▸ YOUR GOAL: Take the line containing "Christmas Lights Alpaca" and every line after it to the end of the records, and copy them exactly, leaving out pictures.

▸ MATERIAL FOR THIS TASK:
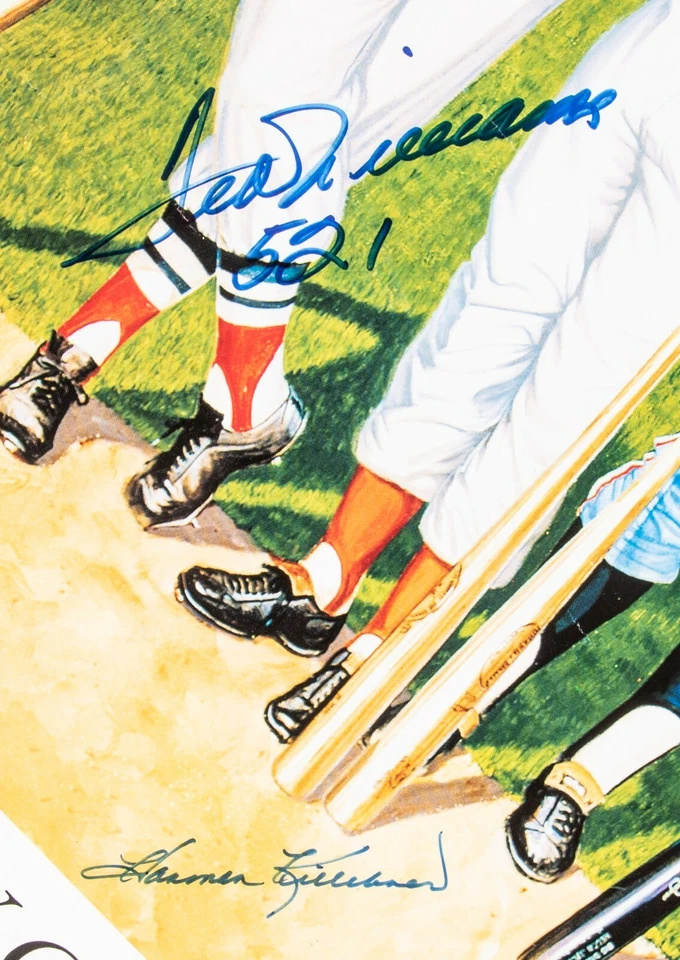 Mickey Mantle Ted Williams Willie Mays Signed 500 Home Run Photo CREASED JSA COA - Image 4 of 4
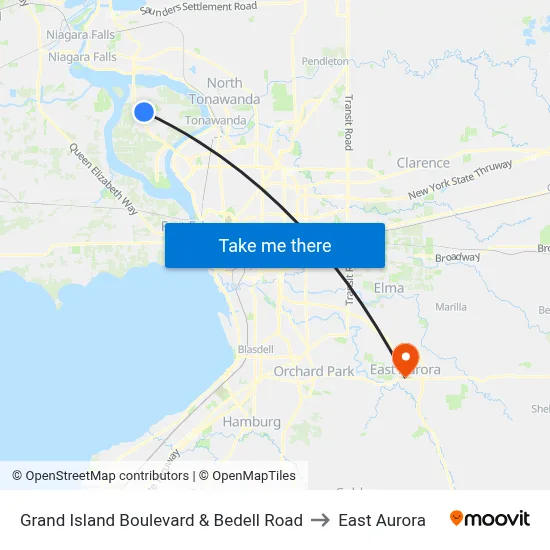 Grand Island Boulevard & Bedell Road to East Aurora map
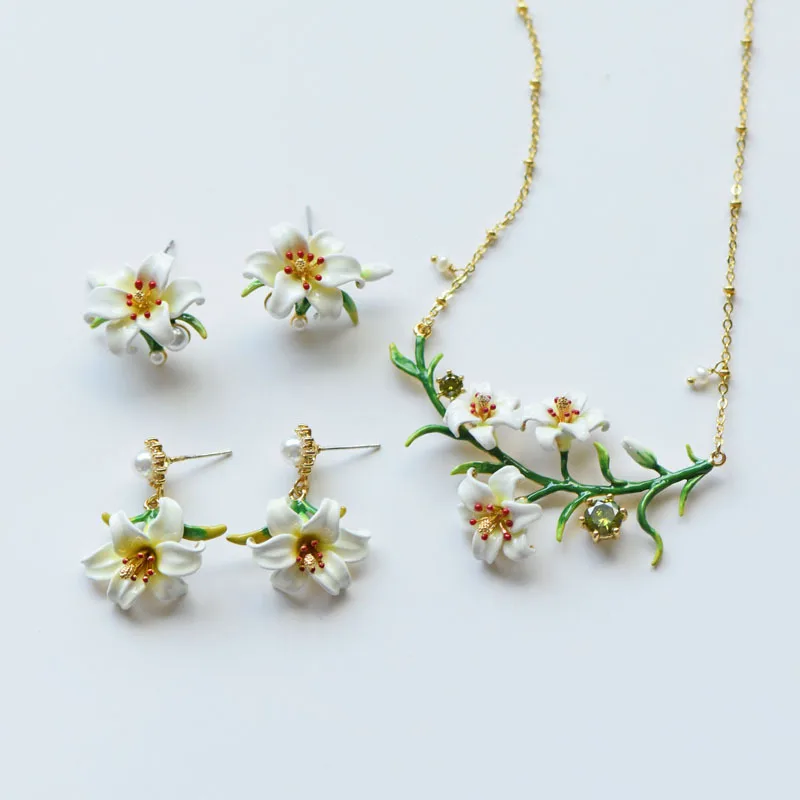 

Sweet Elegant Temperament Forest Style Lily Flower Earrings Necklace Bracelet Hand Painted Enamel Glaze Flower Trendy Jewelry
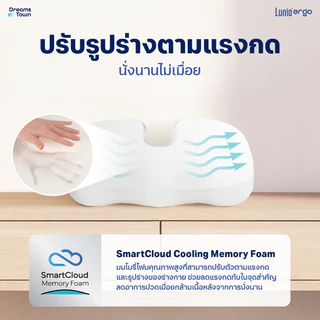 Lunio Ergo เบาะรองนั่ง กระจายน้ำหนักดี ออกแบบทรงโค้งเว้า ช่วยลดแรงกดทับ นั่งนานไม่เมื่อย รุ่น Lite Seat Cushion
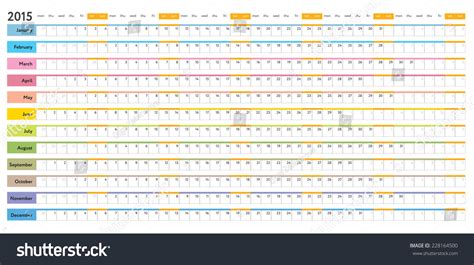White Linear Calendar 2015 With Days Of Week And Months Color Coding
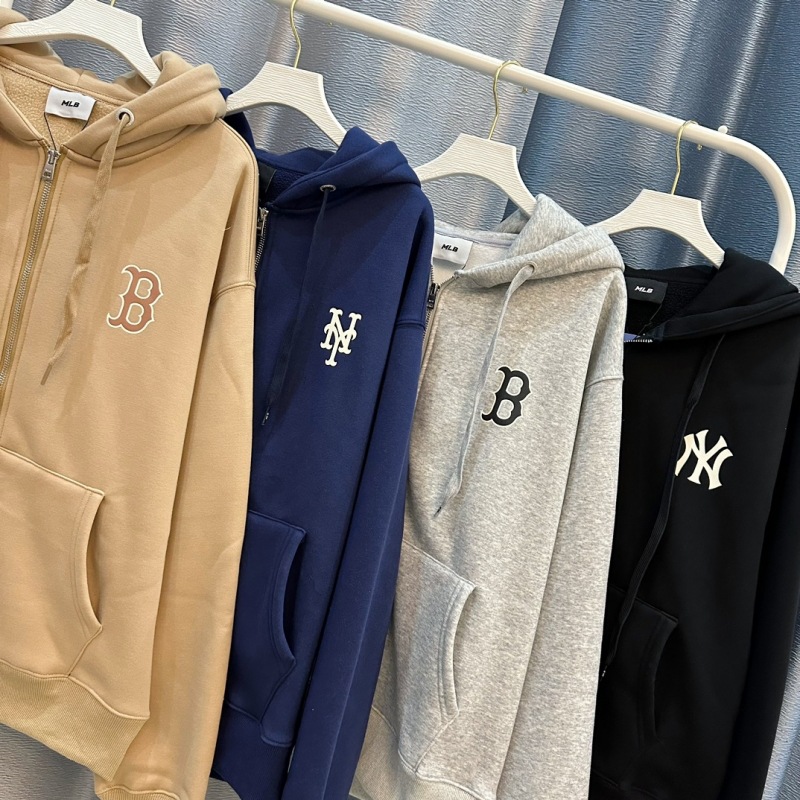 mlb加绒冬季新款卫衣洋基队ny印花大标连帽拉链卫衣外套男女同款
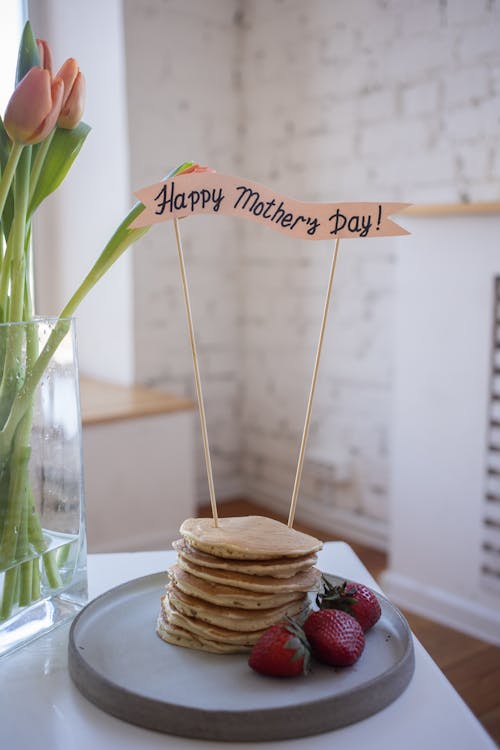 Free Stacks of Pancakes for Mother's Day Breakfast Stock Photo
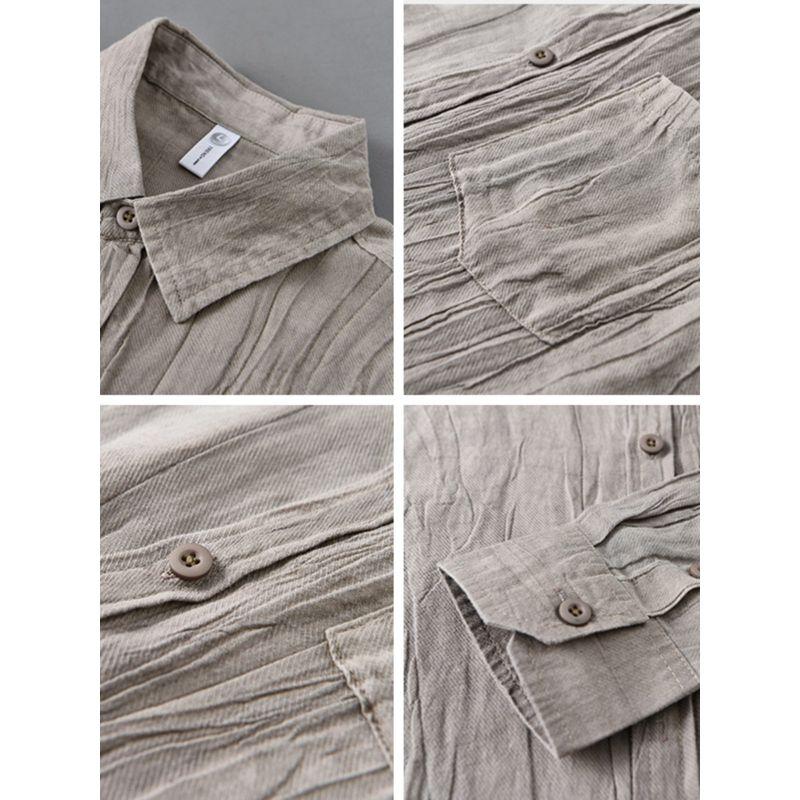 Spring Summer Retro Distressed Pleat Cotton Linen Long Sleeve Shirts Men's Chinese Style Loose Casual Shirt Breathable Linen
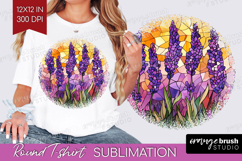 Stained Glass Round Tshirt Background - Flowers PNG Product Image 1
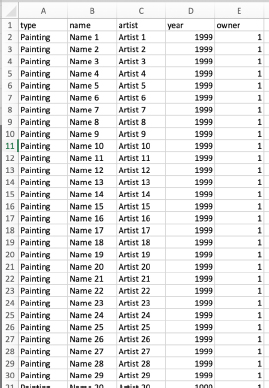 Snapshot of art shop inventory dummy-data of 150 lines.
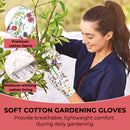 HANDLANDY Womens Gardening Gloves, Ladies Cotton Soft Jersey Garden Gloves with PVC Dots, Floral Yard Work Gloves, Ideal Gardener Gifts 5183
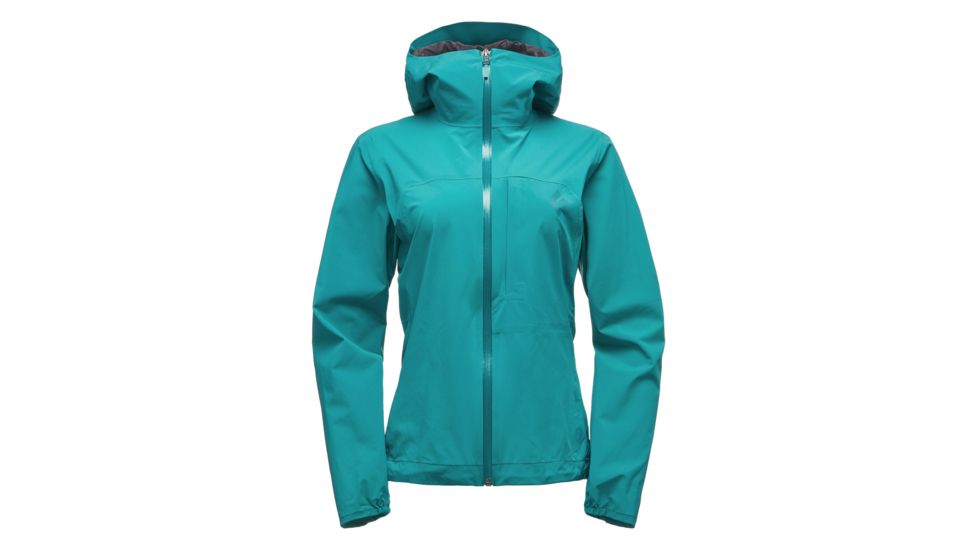 Black Diamond FineLineStretch Womens Rain Shell Jacket, Evergreen, Small, APG3E8317SML1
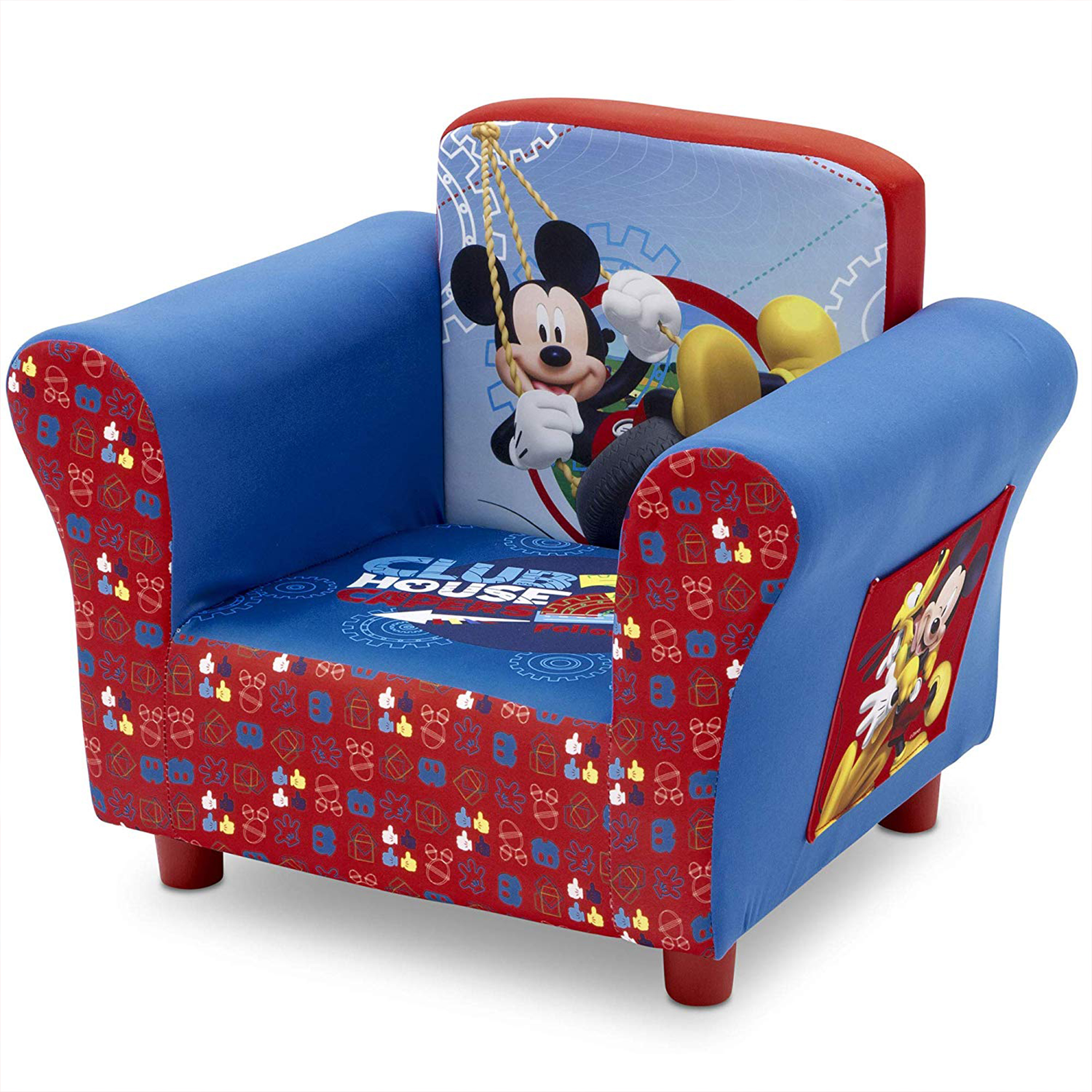 Delta Children Disney Mickey Mouse Upholstered Toddler Chair with Side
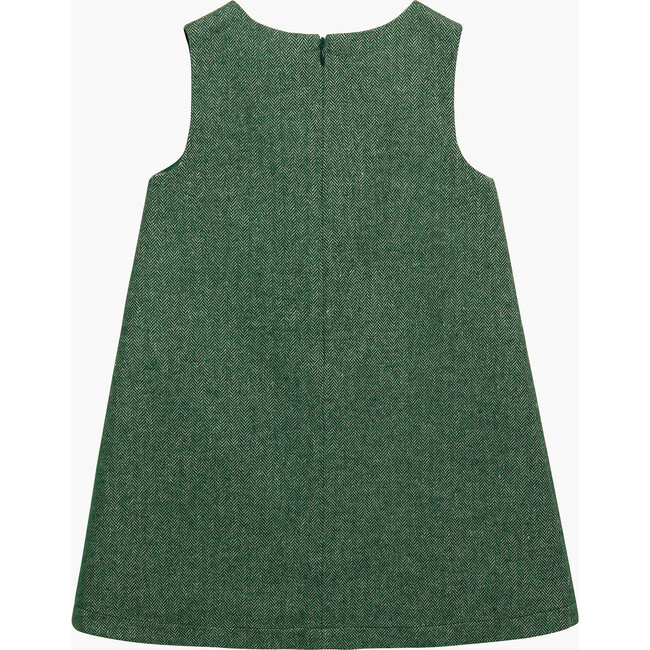 Georgina Bow Dress, Green Herringbone - Dresses - 2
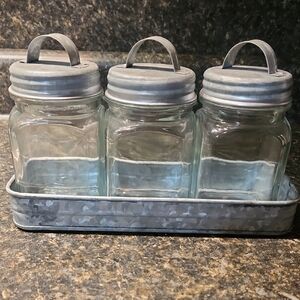 Rustic Farmhouse Galvanized Glass Jar Set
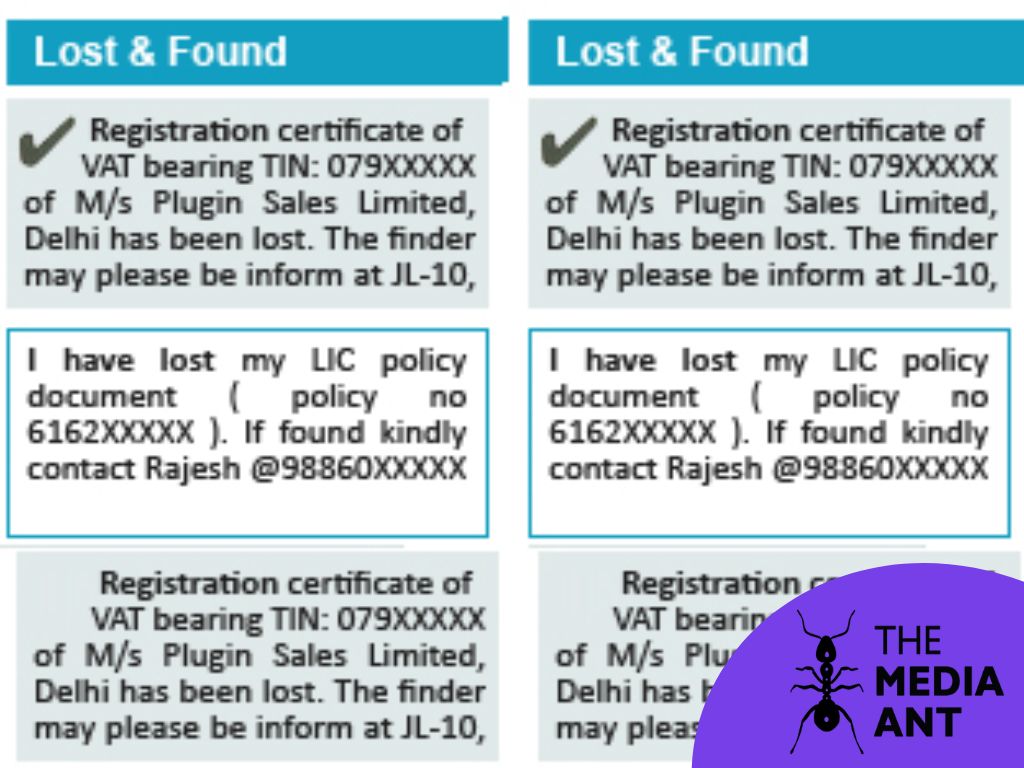 Lost Document Advertisement Examples Lost Document Advertisement Examples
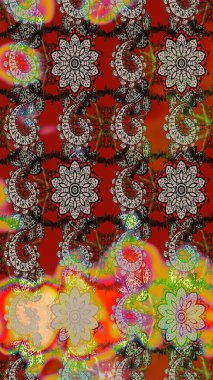 Çiçekli eskiz çizimi. Düz Çiçek Elementleri Tasarımı. Renkli Yaz Temalı eskiz kalıbı. Gri ve kırmızı renkte çiçekler.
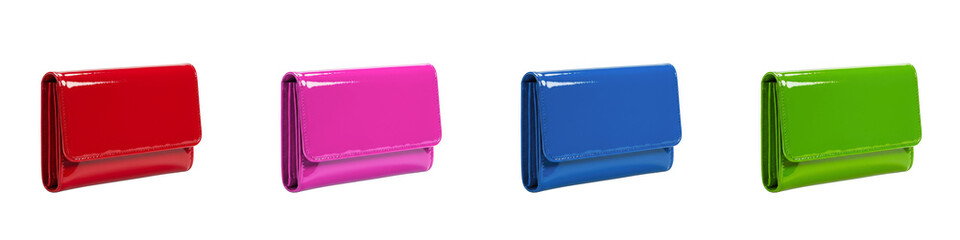 Colorful rectangular wallets in red, pink, blue, and green  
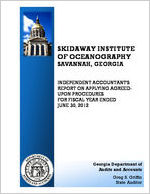 Skidaway Institute of Oceanography, Savannah, Georgia, independent accountant's report on applying agreed-upon procedures for fiscal year ended June 30, 2012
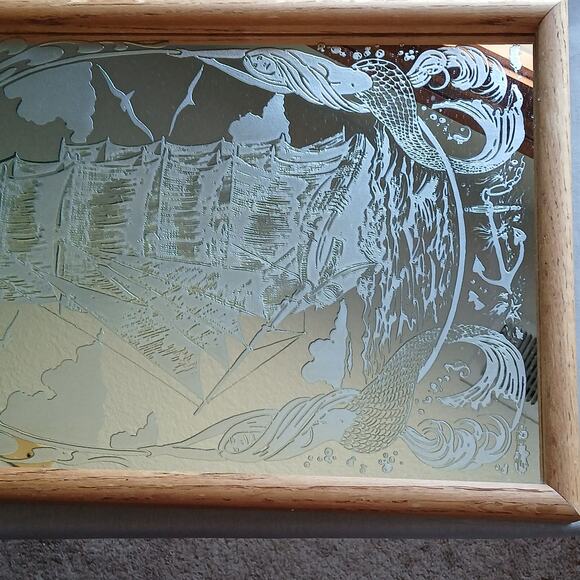 Vintage Etched Glass Framed Mirror Sailing Ship Mermaids MCM 19" H x 13" W - Picture 5 of 11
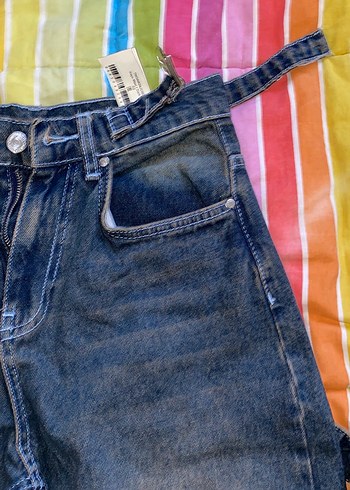 Kemerli baggy jean koyu mavi dark blue - Görsel 6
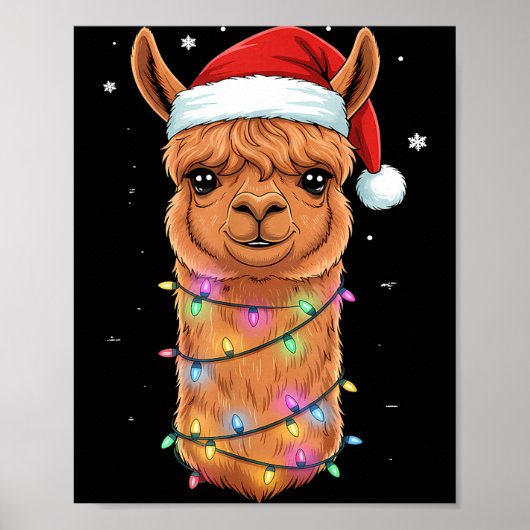 Christmas Lights Alpaca Santa Hat Llama Cute Xmas  ポスター (正面)
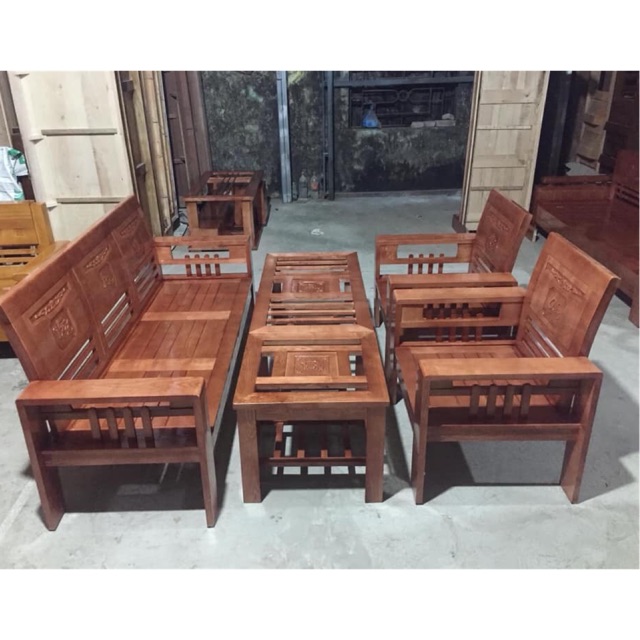 Bộ bàn ghế / sofa góc đối gỗ Sồi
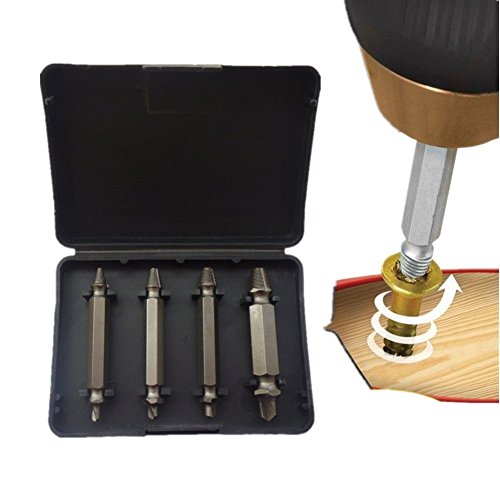 Boonor 4-teilig Schraubenausdreher-Set HSS Bohrwerkzeuge Schraubenlöser Werkzeug Bit-Set 4341#,zum Entfernen beschädigter Schrauben - 7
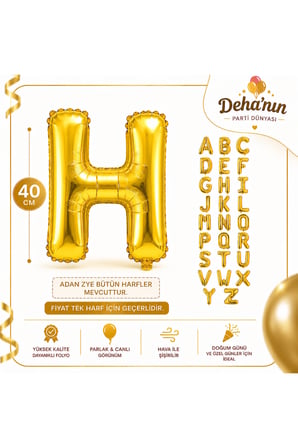 Dehaparty Gold Harf Folyo Balon 40cm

▸ EXERCISE OUTPUT:
 Christmas Lights Alpaca Santa Hat Llama Cute Xmas  ポスター (正面)
 Bộ bàn ghế / sofa góc đối gỗ Sồi
 Boonor 4-teilig Schraubenausdreher-Set HSS Bohrwerkzeuge Schraubenlöser Werkzeug Bit-Set 4341#,zum Entfernen beschädigter Schrauben - 7
 Dehaparty Gold Harf Folyo Balon 40cm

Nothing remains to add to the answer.